The contrasts in the band’s approach to online marketing can also be found in the music itself, with high-energy, videogame-esque instrumentals forming the backdrop to lyrics that are complex, verbose and incredibly dark. “As they stop to look at her they won’t look further/like it’s not a murder, it’s an inevitable tragedy/the bloody hands of all the heartless fuckers/who emotionally fucked her to monetize her suffering/flipping through a spiral notebook for some, sad hopeless words to turn into a liturgy,” McClendon writes on ‘Bedroom Community’ against a sea of rising synths. They tell me that “there’s this dissonance between dark lyrics and these peppy instrumentals sometimes. There’s sort of a sarcasm in the instrumental.” 

White adds: “I don’t think there’s a nihilist view in our music – it’s almost the opposite, where it’s caring almost to the point of it feeling overwhelming,” exemplifying what seems to be the entire Glass Beach ethos: using irony as a tool to achieve hyper-sincerity. 

Musically, the band cites their influences as Jeff Rosenstock, The Brave Little Abacus and They Might Be Giants, but refuse to be pinned down to any one genre. “The short answer for me has always been post-emo, but the long answer is queer-synth-punk with jazz and video game, anime influences,” says Smith, only somewhat jokingly. McClendon explains that “genre doesn’t really mean the same thing now that it used to – it’s more of just a surface-level descriptor of the aesthetic of it than any connection to a place or a scene or anything like that. Even with us: our scene is online, it’s not connected to any one place or any one sound. I feel like the internet is a big part of genreless music and the move towards genreless music because now there are very few actual barriers separating you from getting into a genre outside of what you’re used to. I think more and more people are branching out now and when you listen to more kinds of music, you make music that is really diverse-sounding.”

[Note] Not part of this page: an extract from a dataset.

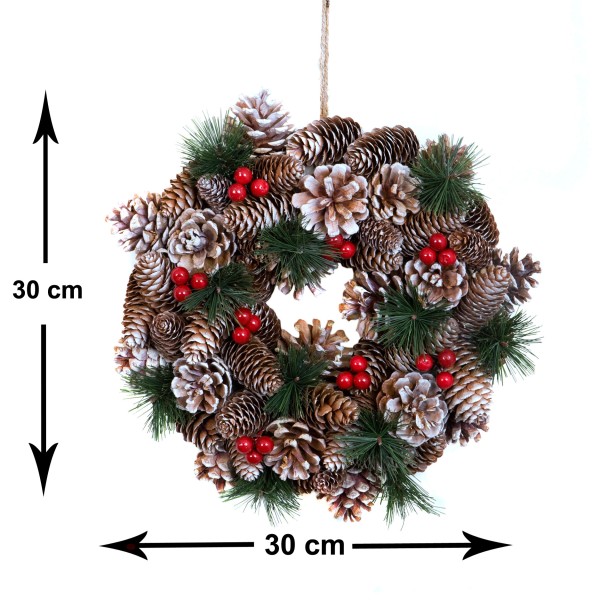 GreenBrokers Christmas Hanging Wreath 30cm Pine Cones Berries Subtle Frosting D1227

A life spent online shines very clearly through on the first glass beach album, written in a language that, while incredibly catchy and memorable, is almost unintelligible to the uninitiated – to truly appreciate these songs requires an osmosis of the internet consumed by the current generation of music fans. Every word feels like it was meant only for the ears of the bedroom community that they sing so passionately about, a community that gave Glass Beach life. “I’m just so excited to find other people who like our music and I wanna talk to them and see what they have to say,” says White. “One of my favourite tweets that I’ve ever seen about the band somebody tweeted yesterday. They said, ‘my gender is the four ascending notes of the beginning of ‘Bedroom Community’.”

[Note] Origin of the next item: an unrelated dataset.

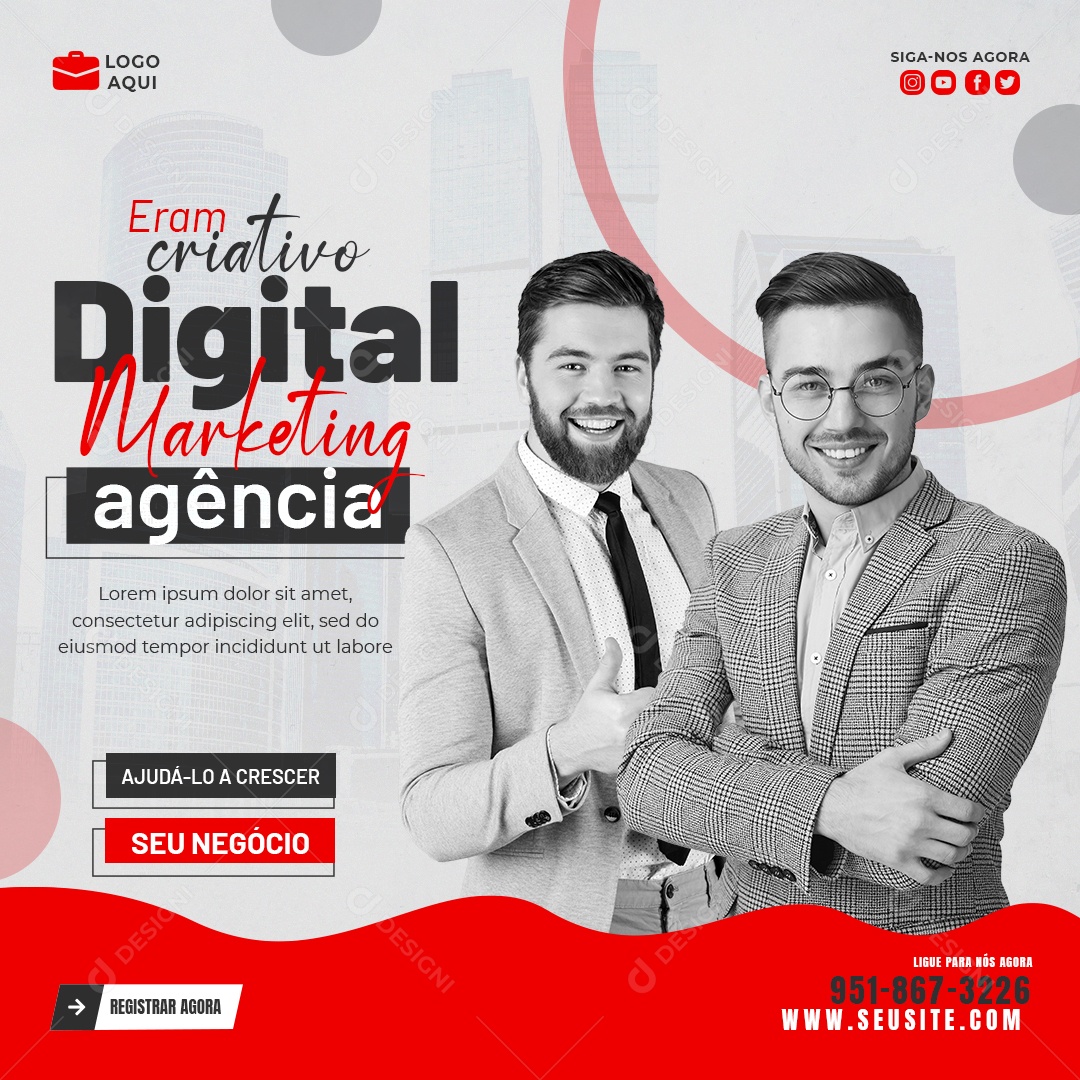 Agência de Marketing Digital e Corporativo Instagram Banner Template 10 Social Media PSD Editável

But of course, not every bedroom community is a good one. Trawl through 4Chan and Reddit’s alt-right message boards, or join an incel Facebook group, and you will find masses of angry, violent kids who have sought each other out in the dark, feeding off each other and fostering truly evil ideologies. They all hide behind thin veneers of irony, their deep-fried memes concealing hatred, each ‘joke’ radicalising them more and more until eventually, they take the joke too far. “I think a lot of people as online as us have been very wrapped up in irony as a way of detaching themselves from the things that they like or whatever for fear of being judged,” McClendon explains. “I think we’ve seen how irony can be used as a bad thing… how people can use irony to express sincerity in a bad way, like people who are actually racist being like ‘I’m just racist as a joke’. But I think that same sort of thing has potential to be used in a good way. You can get people to care about things ironically and turn it into sincerity – just being positive as a joke can make [people be] more positive.”

So if Glass Beach are ironic, it is only ever as a force of good, creating a community of fans who are genuinely passionate and empathetic towards each other by using the methods of those that occupy the deepest and darkest corners of the internet. Their songs are the nursery rhymes of the online generation, happy melodies disguising a darker inside – online they are the opposite, using a perceived detachment to convince disillusioned teenagers to let a little bit of positivity into their lives.